Last week I attended my yearly ‘Con in Pittsburgh, Pennsylvania. It was a lot of fun and I met some pretty cool people. As a bonus, I sold some paperbacks and generally kicked back and did the whole literary thing.

Right now I’m working a new writing project. I’m spending a lot of time at the computer banging away on the keys of my Apple. When this project comes to fruition, it’s going to be pretty flippin’ cool. I’m excited about it, and I think that helps with the writing, a lot. It’s science fiction, of course, and it takes place in a whole new universe.

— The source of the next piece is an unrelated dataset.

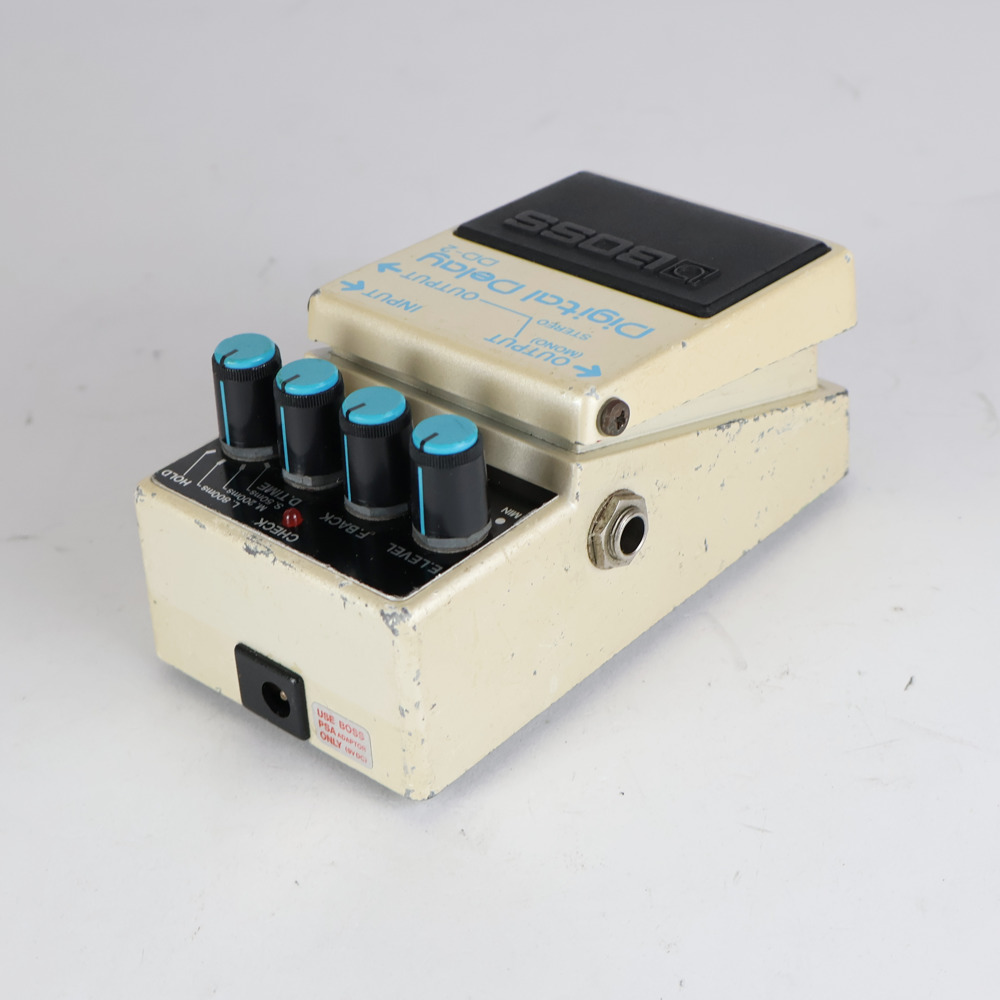【中古】 デジタルディレイ エフェクター BOSS DD-2 Digital Delay Made in JAPAN ギターエフェクター 側面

As far as I am concerned, Paul Thompson’s tale is completed for now. As interesting as it was to write, it’s time to move on to other stuff, cool stuff.

I’m busy executing that as we speak.

Wow, this whole writing thing has been a complete surprise. A pleasant surprise. If you would have asked me six years ago at my lousy firebase in nowheresville what my opinion was in regard to a retirement spent writing, I would have laughed in your face while cleaning my weapon. I didn’t think I’d make it home, let alone author three books and counting.

Well, I guess the joke’s on me, and I’m glad to laugh along.

I’ve got fresh batteries in my keyboard, and a head full of dangerous ideas.

Stay tuned. Jason.

A killer comes home


This article caught my interest. I’m a sucker for old equipment that has a history, and this tank has a real story. By all means, read the snippet I linked above.

Not that I love tanks- I was never a tanker. I always preferred to trust my own two feet on the battlefield.

However, for some reason this story reminds me of the old BOLO books. Forgotten relics until someone needs them or remembers them. Those books were some of the first sci-fi I read, I still like them.

Anyhow, off to a sci-fi ‘con this weekend.



Many times I get caught by surprise by technological developments, but I really shouldn’t be. So when I read an article about a company that plans on implanting chips in their employees I was surprised as I haven’t been tracking developments in this field. Apparently, with the implanted chips, the company can track when an employee enters or leaves the building. Also, the chipped employees can gain access to restricted areas, log into computers automatically and pay for snacks in the break room. It all sounds good, dandy, and semi-magical. For now, the implantation of chips is strictly voluntary.

For now.

However, it doesn’t take a lot of thought to see the downsides of chip implants in people. A simple Google search and an article on Wikipedia reveals some of the darker implications. For instance, the chips can be hacked. Think a little further and it takes identity theft to a whole new level. What about privacy concerns? Also, something I had forgotten, but the Wikipedia articles addresses, is the religious angle. Such an identity chip could be construed as “the mark of the beast,” and the universal application of government ID chips would create an instant religious underclass among devout Christians.

As technology advances, these type of human-machine interfaces will become more common. People will resist intrusive implants, however. Will the acceptance of implants create a class of Luddites, modern day Amish who refuse the chip? Probably.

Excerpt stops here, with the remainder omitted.